If you want a "sneak" peek of the '06 Mathews lineup just find someone with an '03 Hoyt catalogue! :shade:


----------



## bowshooter73 (Aug 29, 2004)

All I know is the LX is being discontinued. With the success of the LX, I hope they replace it with a 35"-36" version of the Switchback. A shorter version of the Apex would be nice as well.


----------



## ind_buck_fever (May 26, 2004)

id like to see a chrome/polished package.cam, idler, pockets, roller guard etc.

i am counting on there being a 3 dampner roller guard on most.
target colors for switchback.
a recurve.

id like to see more camo patterns.

:beer:


----------



## ind_buck_fever (May 26, 2004)

LongDraw1970 said:


> If you want a "sneak" peek of the '06 Mathews lineup just find someone with an '03 Hoyt catalogue! :shade:



why???????


they all ready know what not to do!!!!


----------



## low12 (Jan 31, 2005)

Might be a Black Max 111, 21 in.

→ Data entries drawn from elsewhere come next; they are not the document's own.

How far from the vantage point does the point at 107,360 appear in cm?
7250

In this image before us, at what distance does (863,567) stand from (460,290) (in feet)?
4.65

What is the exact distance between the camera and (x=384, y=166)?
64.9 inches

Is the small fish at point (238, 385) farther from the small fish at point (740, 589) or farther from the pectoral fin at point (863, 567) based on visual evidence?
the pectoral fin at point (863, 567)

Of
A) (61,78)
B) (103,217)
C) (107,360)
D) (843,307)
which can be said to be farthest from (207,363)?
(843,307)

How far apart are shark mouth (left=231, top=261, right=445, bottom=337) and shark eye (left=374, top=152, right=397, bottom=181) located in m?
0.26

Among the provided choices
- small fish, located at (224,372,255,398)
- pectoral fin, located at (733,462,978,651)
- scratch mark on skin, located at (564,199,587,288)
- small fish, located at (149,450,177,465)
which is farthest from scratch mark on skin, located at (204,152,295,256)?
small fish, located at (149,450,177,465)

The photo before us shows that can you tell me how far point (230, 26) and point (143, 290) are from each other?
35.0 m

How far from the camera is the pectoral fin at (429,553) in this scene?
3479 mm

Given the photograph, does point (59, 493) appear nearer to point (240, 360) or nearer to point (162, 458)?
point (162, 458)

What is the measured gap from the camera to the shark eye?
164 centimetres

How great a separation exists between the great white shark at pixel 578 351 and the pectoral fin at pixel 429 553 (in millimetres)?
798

A to A, 45% letoff, that will shoot 360 fps., if you can pull it back and hold it. :mg:


----------



## jonnybow (Aug 27, 2002)

06 will bring bows that folks won't argue about. Oh wait, that's not going to happen :thumbs_do


----------



## Shawn (May 5, 2003)

Nino said:


> Longer Switchback 37-39" All the Matt bows will have the Apex grip. Shorter Apex 38"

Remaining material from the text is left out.